Es uno de sus atractivos, la viveza de unas mujeres que no entran en los cánones de víctima más allá de su situación estratégica. Clark estimula conversaciones y actitudes libres de presiones sociales, dentro de un contexto donde son el objetivo de una sombra lasciva. Porque siguiendo los movimientos de cámara más giallescos, el asesino es poco más que ojos y manos, con un poco habitual contrapunto: tiene multitud de voces. El acoso telefónico —hola, Scream de Wes Craven— es la vía directa con un acecho invisible, que permite la entrada de otro de los grandes hitos del terror junto a la navidad: la actuación policial y su maravillosa ineptitud ante el dolor ajeno —algo siempre visible en este género—.
Todo ello unido con la maestría que solo el creador de Dead of Night y Porky’s podía influir en un mismo film, Black Christmas juega con el tempo: sabe romper la tensión en momentos muy álgidos saltando a escenarios relajados, incluso cómicos, que distraen con eficacia la atención, dejando respirar al espectador.
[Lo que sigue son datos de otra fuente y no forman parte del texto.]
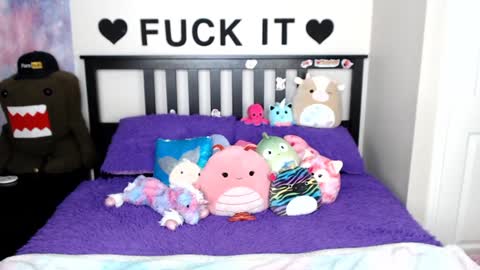 Mackenzie Wolfe online show from 17, 1, 2025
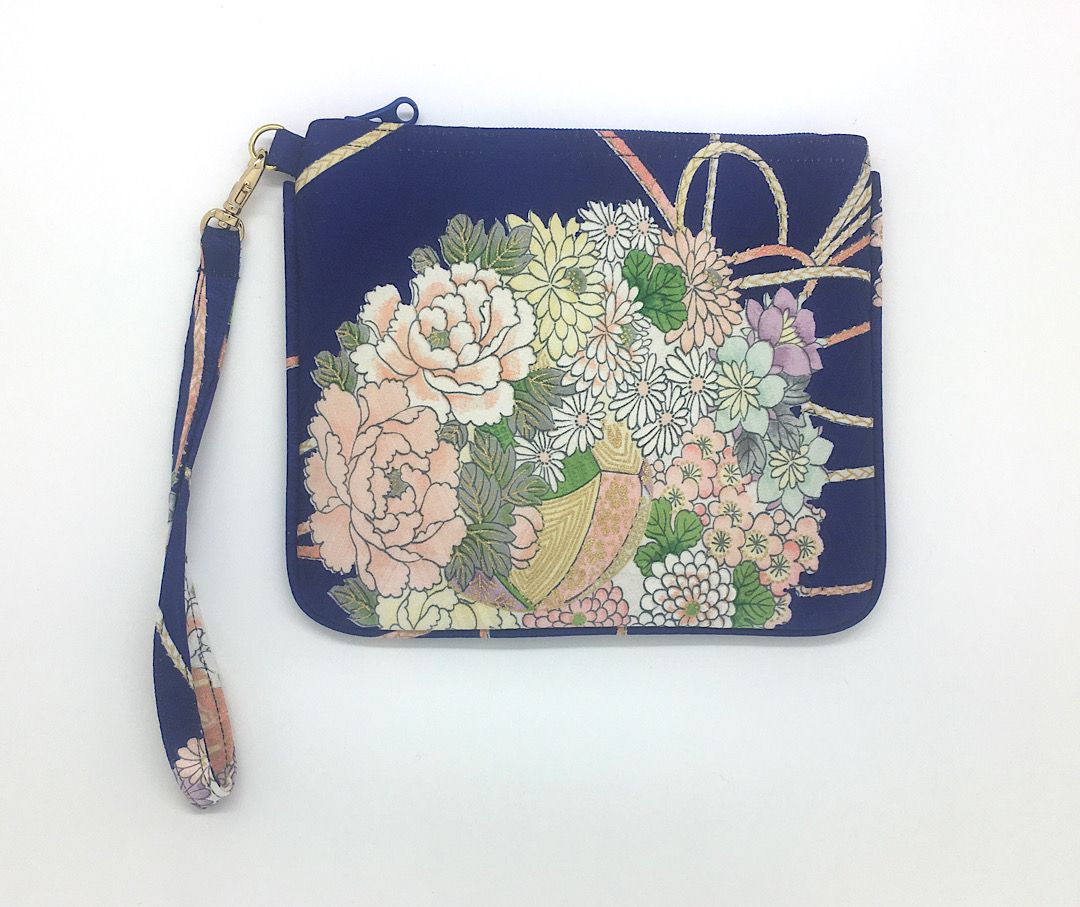 Migi Wristlet Pouch 4852M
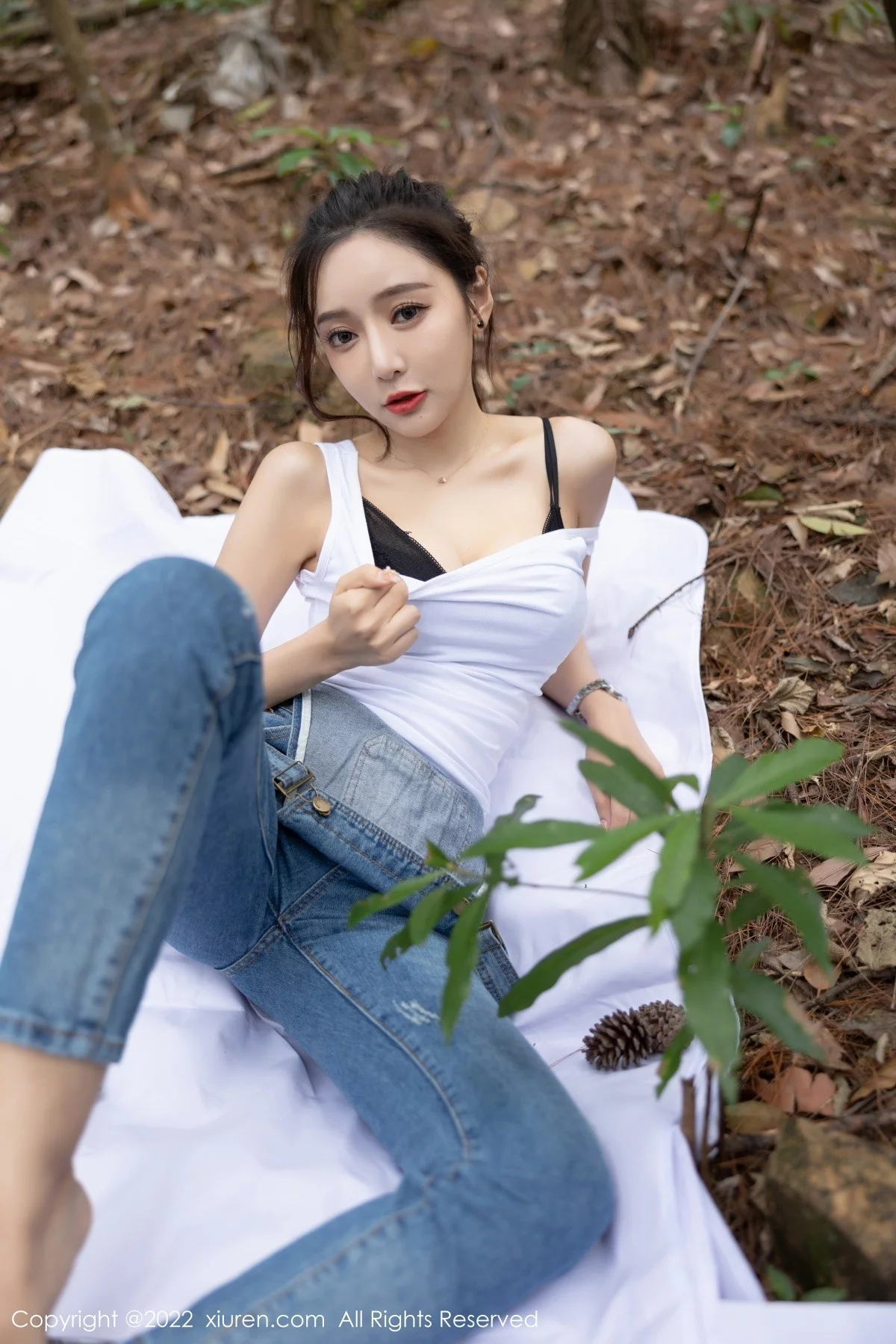 [[XiuRen秀人网]秀人网]No.4465_女神王馨瑶yanni户外探险主题脱牛仔背带服露黑色内衣性感写真63P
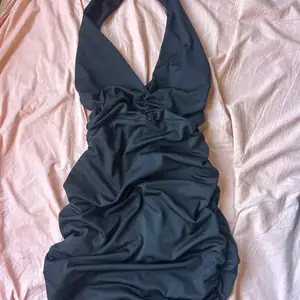 Sexy black scrunched dress, Επαρχία Λεμεσού — Λεμεσός - Κάψαλος
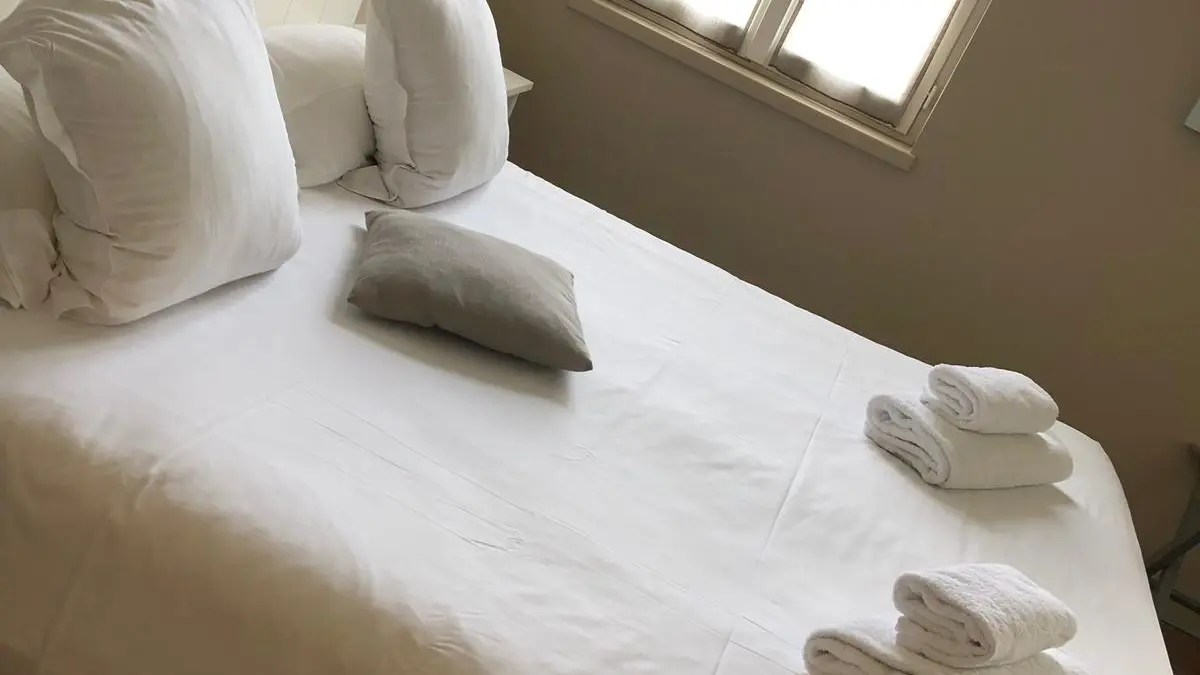 Chambre avec lit double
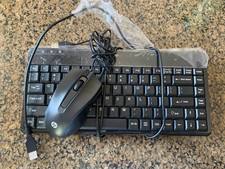 Perixx PERIBOARD-409U USB Mini Keyboard, Black, US English Layout + HP Mouse picture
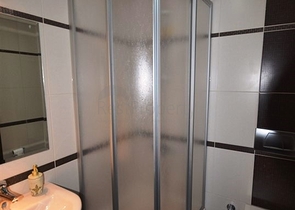 شقة واسعة في مجمع مميز في الانيا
Al mismo tiempo, sabe prolongar una especie de imagen ilusoria sobre la muerte. Apenas hay un contacto directo, y casi todo sucede fuera de campo, pero explota sí nos hace partícipes del final de sus víctimas, disfrutando incluso de un reflejo de muerte puramente artístico.
Divertida, tensa y visualmente vigorosa, Black Christmas es un must navideño que rescatar año tras año, incapaz de envejecer.